Web page caption snippets
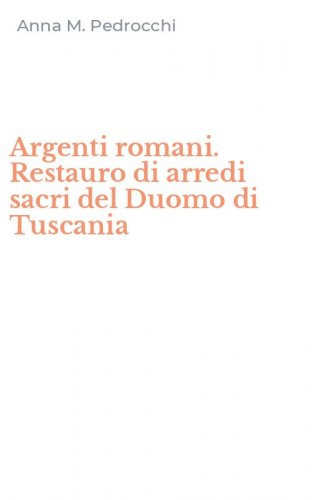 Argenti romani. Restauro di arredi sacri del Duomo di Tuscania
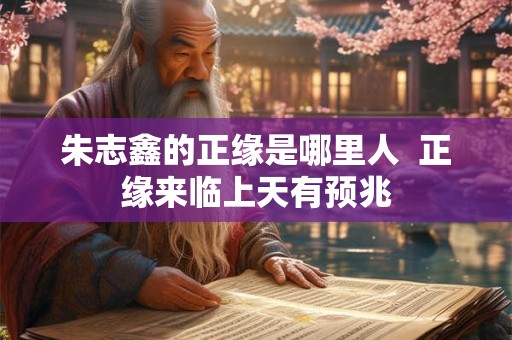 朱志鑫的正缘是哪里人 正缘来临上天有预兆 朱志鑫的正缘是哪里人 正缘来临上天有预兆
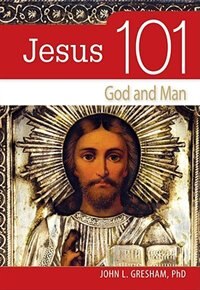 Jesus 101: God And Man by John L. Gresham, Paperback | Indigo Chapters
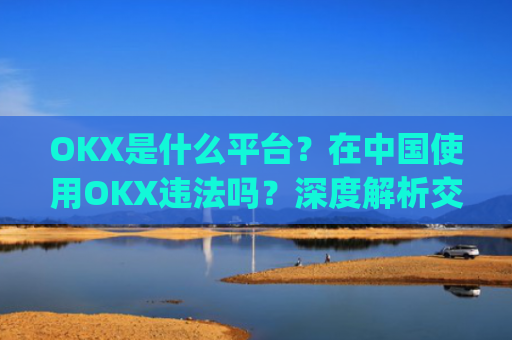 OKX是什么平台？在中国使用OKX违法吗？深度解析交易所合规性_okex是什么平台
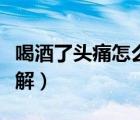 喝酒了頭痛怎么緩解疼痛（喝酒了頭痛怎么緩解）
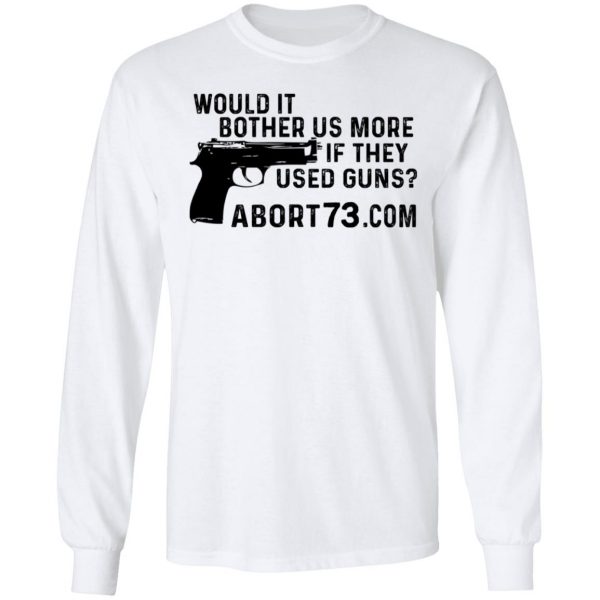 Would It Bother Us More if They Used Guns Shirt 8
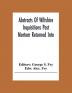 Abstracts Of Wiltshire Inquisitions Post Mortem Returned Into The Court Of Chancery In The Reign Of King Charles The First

> _YOUR GOAL_: In the data above, start at the line holding "Jesus 101: God" and stop after the line holding "Would It Bother"; write out those lines exactly, without pictures.

> _FINISHED EXERCISE_:
 Jesus 101: God And Man by John L. Gresham, Paperback | Indigo Chapters
 OKX是什么平台？在中国使用OKX违法吗？深度解析交易所合规性_okex是什么平台
 喝酒了頭痛怎么緩解疼痛（喝酒了頭痛怎么緩解）
 Would It Bother Us More if They Used Guns Shirt 8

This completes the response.